救出対象は、本音を全て配信で暴露した事がショックで亡くなったある女性VTuber。何度も巻き戻し、本音しか喋れなくさせる錠剤を飲んでいた事が発覚。犯人も無事捕まえ、救出対象も救えたのだが…。
「最後の最後、犯人が適当に投げた錠剤がターゲットの口に入りそうになり、咄嗟に間に入ったアカバさんが飲んでしまって」
「何だその死因…。じゃあ今アカバは本音しか言えないから口塞いでるのか」
まるで某猫型ロボットの秘密道具みたいだ。
アカバの方に視線をやるとやはり口を手で覆ったまま、スマホンを睨んでいる。自分のヘマをバラされた事に怒っているようだ。

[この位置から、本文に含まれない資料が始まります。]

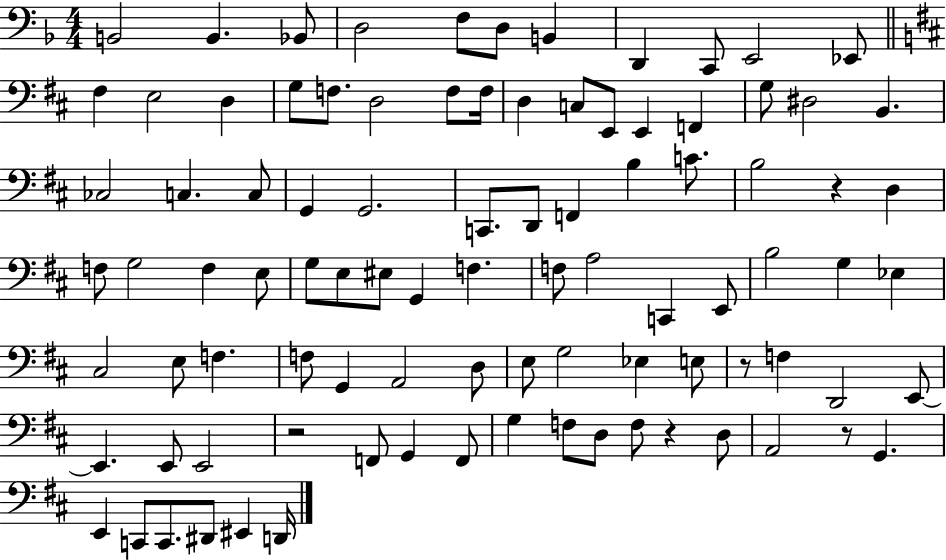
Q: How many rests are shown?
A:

クロノはそんなアカバと過去の言動を思い返し、口を開いた。
「なぁ、別に支障は無いんじゃないか?アカバはいつも本心から話してるだろ?」
ピタッとアカバとスマホンの動きが止まり、気まずげに明後日の方向に視線を逸らした。クロノはそんな2人の様子にますます首を傾げる。自分はそんなに変なことを言ったのだろうか。
クロノはジッと目を合わせようとしない2人を見つめる。目力が強いから、見つめられると圧を感じる。最初に限界がきたのはスマホンだった。そもそもスマホンは、担当している巻戻士の中で最もクロノと一緒に任務に赴く事が多い。その為なのかクロノに甘いところがある。しかし、任務中に判明したアカバの本心を勝手に言うのははばかられた。結果…

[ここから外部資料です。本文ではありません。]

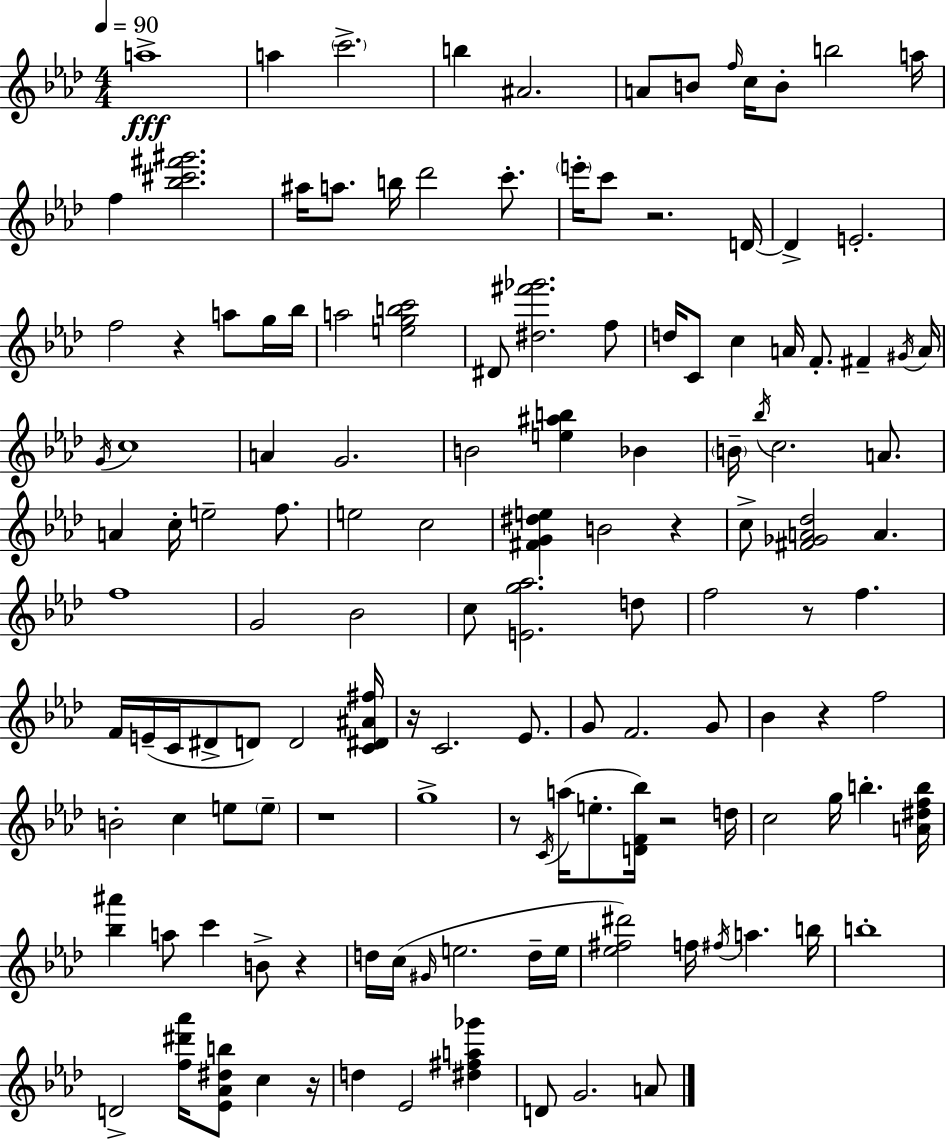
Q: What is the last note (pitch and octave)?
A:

「ぼく!点検の予定があったので失礼します!!アカバさんは効果が切れるまで自室待機なので、外出禁止ですよ?!それでは!」
「あ、おいスマホン!?」
ビュンッとスマホンがプロペラをフル稼働して逃走した。その場には怒りで震えるアカバとポカンと廊下の先を見つめるクロノの2人。アカバはチラリとクロノの方を見ると、無言で自室へと足を向ける。クロノはそんなアカバに気付き、後を追った。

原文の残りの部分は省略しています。